What's an EPC?

Energy Performance Certificates (EPCs) tell householders about a home’s energy efficiency using A to G ratings like those used to rate fridges and boilers.

How you can make cost-effective improvements to your home?

The Certificate also makes recommendations for cost-effective improvements to help cut fuel bills and carbon dioxide emissions. Our homes currently account for 27% of the UK’s Carbon emissions, contributing to Climate Change. It is estimated that by following the recommendations in an EPC, an average of £300 a year can be saved on fuel bills. The Energy Saving Trust estimate that annual savings of up to £220 and 1.5 tonnes of CO² can be achieved by installing loft insulation. Cavity wall insulation will save up to £160 and 1 tonne of CO² with less than a 2 year payback and a 25 year (CIGA) guarantee. “A” rated condensing boilers are over 90% efficient and some older boilers are as low as 55% efficient, replacing your old boiler with a new condensing boiler and heating controls can reduce your CO² by 1.25 tonnes a year and save up to £240 (40% of your fuel bill) a year.

Why have a DEA Survey?

A survey carried out by a qualified DEA will produce an accurate rating for your home with a detailed report on what can be done and the benefits in both reduced fuel bills and carbon dioxide emissions. The average cost of a survey will be around £100 which is only a fraction of what your potential savings could be. This is an extremely small amount compared to what is spent on vehicle inspections each year - Your home deserves an Energy Performance Certificate.

Sample Energy Performance Certificate

The following is a sample Energy Performance Certificate (EPC) taken from an actual Home Information Pack (available from: www.homeinformationpacks.gov.uk ).

Energy Performance Certificates

1 Some Street
Some Town

Dwelling Type:
Date of assessment:
Date of certificate:
Reference number:
Total floor area:

Detached house
10th August 2007
[dd mmmm yyyy]
166 m²

This home's performance is rated in terms of the energy use per square metre of floor area, energy efficiency based on fuel costs and environmental impact based on carbon dioxide (CO²) emissions.

Energy Efficentcy Rating and Environmental Impact (CO²) Rating charts.

The energy efficiency rating is a measure of the overall efficiency of a home. The higher the rating the more energy efficient the home is and the lower the fuel bills will be.

The environmental impact rating is a measure of a home's impact on the environment in terms of carbon dioxide (CO²) emissions. The higher the rating the less impact it has on the environment.

Estimated energy use, carbon dioxide (CO²) emissions and fuel costs of this home

  Current Potential
Energy Use 453 kWh/m² per year 178 kWh/m² per year
Carbon dioxide emissions 13 tonnes per year 4.9 tonnes per year
Lighting £81 per year £65 per year
Heating £1173 per year £457 per year
Hot water £219 per year £104 per year

Based on standardised assumptions about occupancy, heating patterns and geographical location, the above table provides an indication of how much it will cost to provide lighting, heating and hot water to this home.

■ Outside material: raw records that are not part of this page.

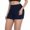 Navy, variant on UAMVSH Womens Plus Size Biker Shorts Solid Color High Waisted Workout Gym Running Yoga Shorts Short Leggings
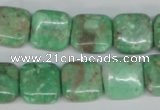 CCO115 15.5 inches 14*14mm square dyed natural chrysotine beads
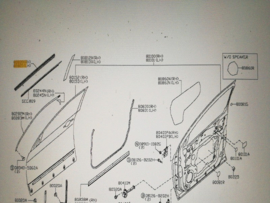 Sierstrip portier rechtsachter Nissan Qashqai J11 82820-4EA0A Origineel.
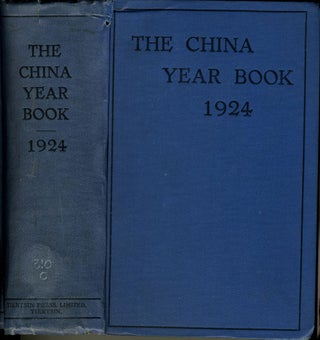 Item #20366 The China Year Book 1924-5. H. G. W. Woodhead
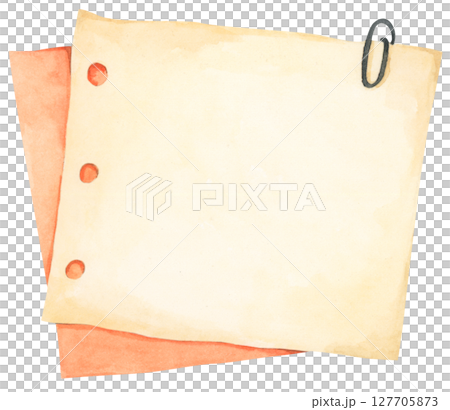 Pastel Notepad and Sticky Notes. Memo Pad for Planner, Office or Back to School. Watercolor Note Paper Illustration. 127705873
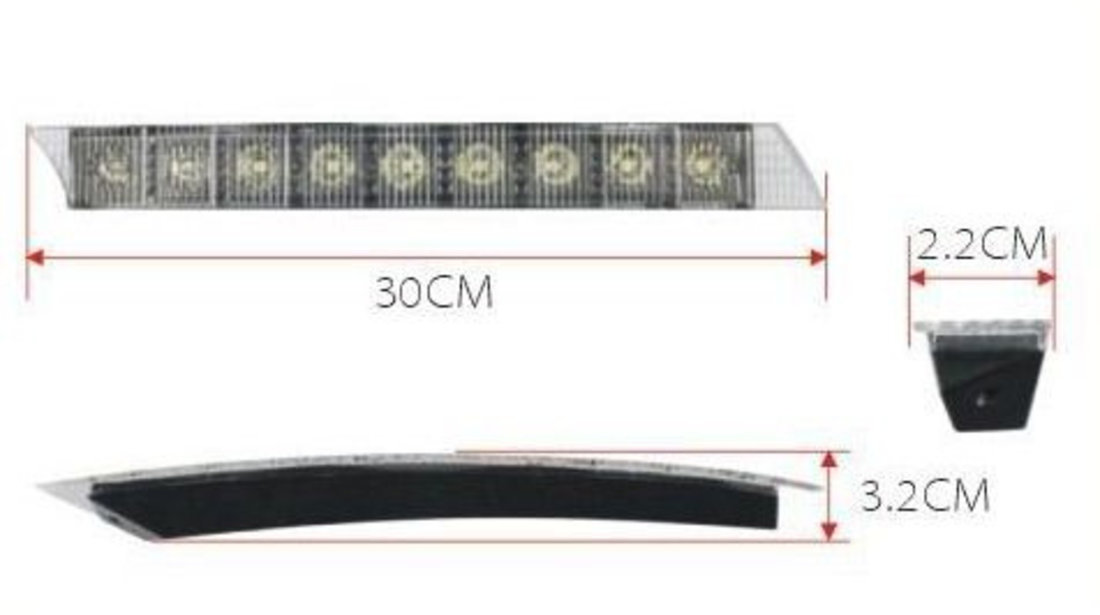 Lumini De Zi DRL 9 Led 0.6W 467505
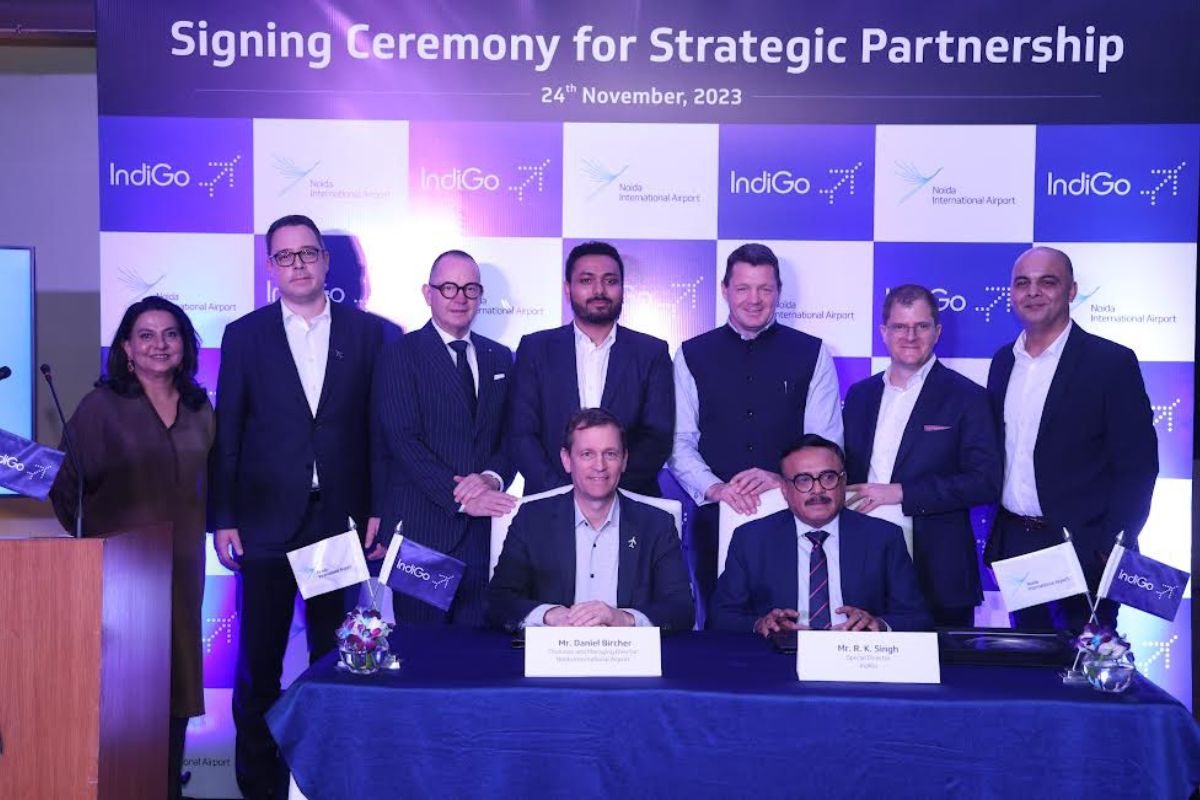 Noida International Airport signs MoU with IndiGo to become airport’s launch carrier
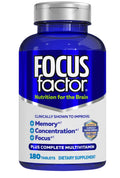 Focus Factor Extra Strength Brain Supplement – Multivitamin & Cognitive Support, 120 Count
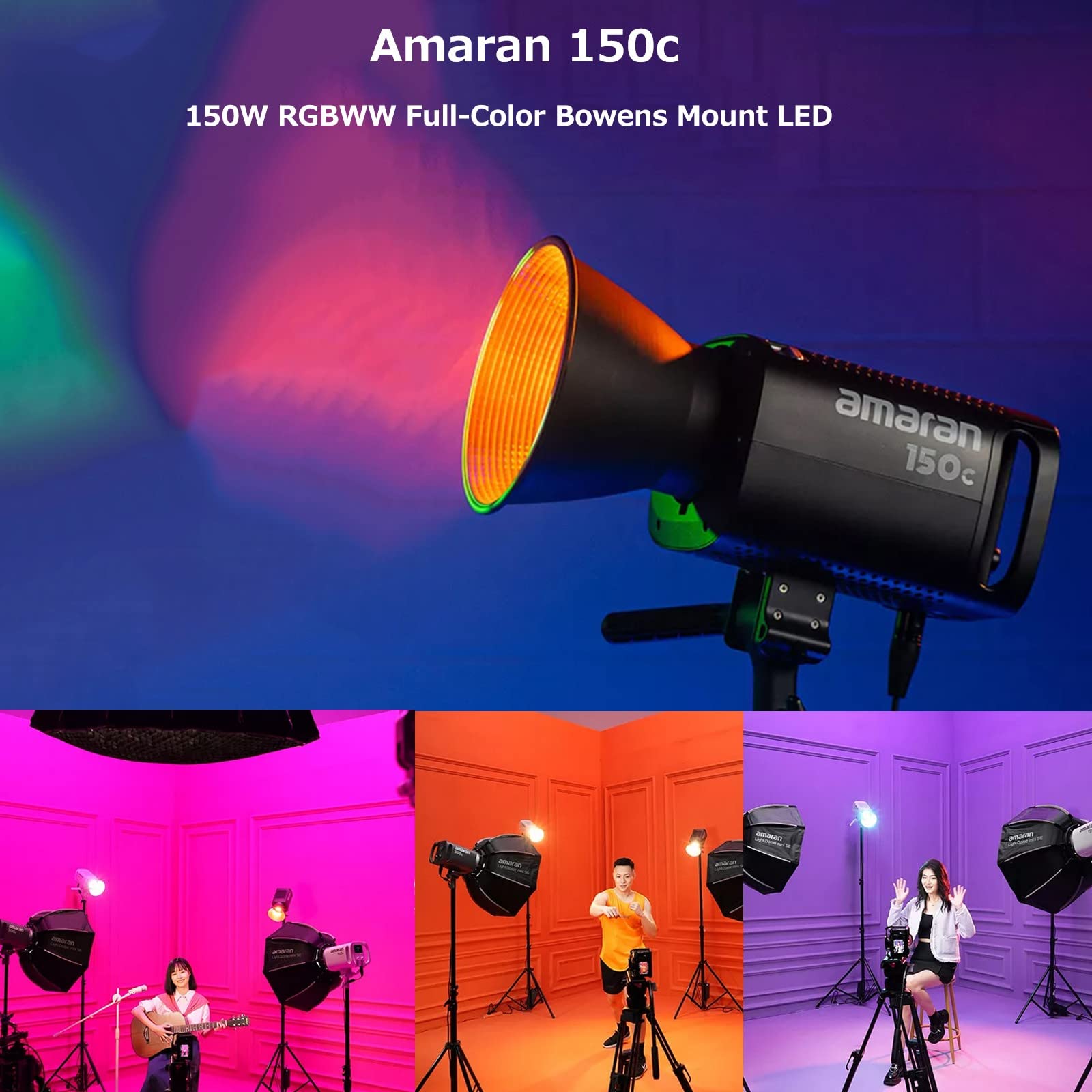 Foto 8 pulgar | Lámpara De Vídeo Led Aputure Amaran 150v Rgbww A Todo Color 150w - Venta Internacional.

The fuel costs only take into account the cost of fuel and not any associated service, maintenance or safety inspection. This certificate has been provided for comparative purposes only and enables one home to be compared with another. Always check the date the certificate was issued, because fuel prices can increase over time and energy saving recommendations will evolve.

To see how this home can achieve its potential rating please see the recommended measures.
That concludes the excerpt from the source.